13. Limitation of Liability

13.1. Any liability of NERA to third parties for personal injury or death caused by the Product and/or Services or by any employee(s) of NERA or its subcontractor(s) shall be determined by applicable law.

13.2. Any liability of the Purchaser to NERA for damage to property or personal injury or death caused by the Purchaser by improper use of the Product or by acts of his employees shall be determined by applicable law.

13.3. The party in breach of the Contract shall take all necessary measures to mitigate the loss provided that he can do so without unreasonable inconvenience or cost. Should he fail to do so, the party in breach may claim a reduction in the damage.

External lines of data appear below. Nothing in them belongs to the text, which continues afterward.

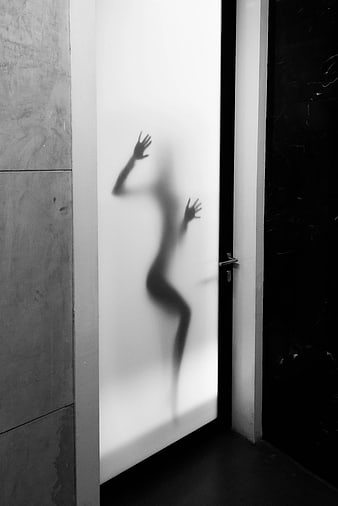 Silhouette of Woman Behind Frosted Glass Door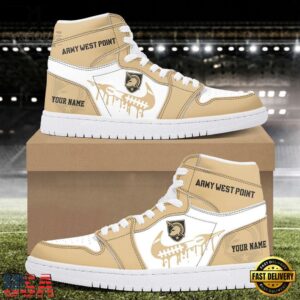 NCAA Army Black Knights Grunge Style Custom Air Jordan 1 Shoes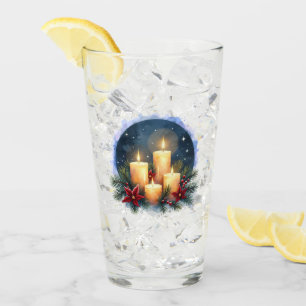 Christmas Candle Glow with Poinsettias Glass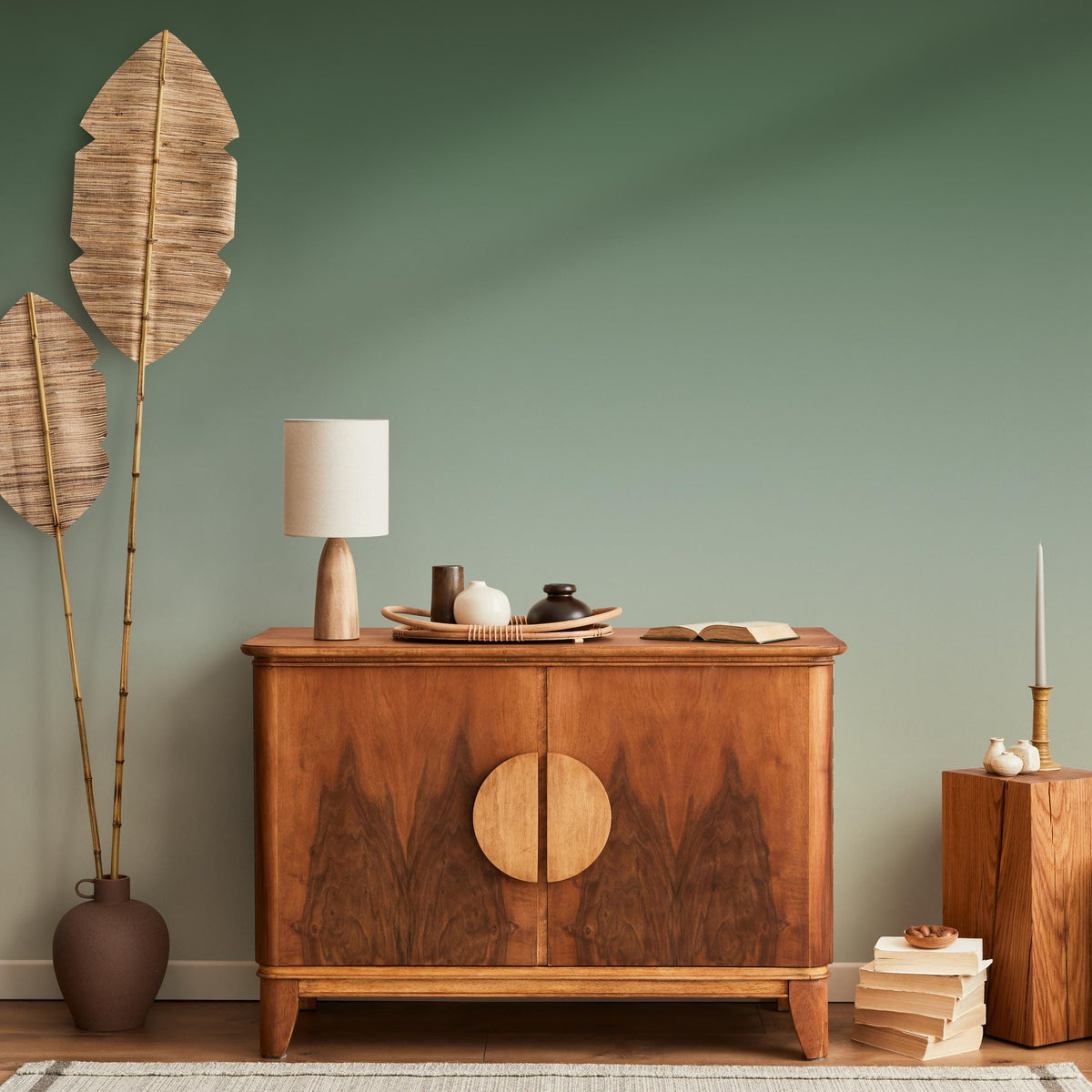 Ombre Wallpaper with a Calming Sage Green Gradient - E272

13.4. In the absence of gross negligence, Nera’s aggregate liability under this Contract and/or any Purchase Order shall not exceed 25% of the Contract or Purchase order value. For the avoidance of doubt, Nera shall not under any circumstances be liable for consequential damages, such as but not limited to loss of profit, loss of revenue and loss of interest.

14. Exclusions
Except as expressly stated above and to the extent NERA has not exercised gross negligence or wilful misconduct, all other warranty conditions promises or representations of any nature are hereby excluded.

15. Changes
No changes to the Contract hereunder will be valid unless verified in writing between both parties. Changes shall be introduced through change Orders duly signed by authorised representatives of the Parties.

16. Governing Law
These General Conditions of Sales are governed by Norwegian Law. Legal venue shall be Bergen District Court.

APPENDIX 1

A. Certificate of Warranty

1. Nera warrants that all Product Hardware delivered under this Contract in all respects are in accordance with the Specifications set out in this Contract, and are free from Defects (material and workmanship).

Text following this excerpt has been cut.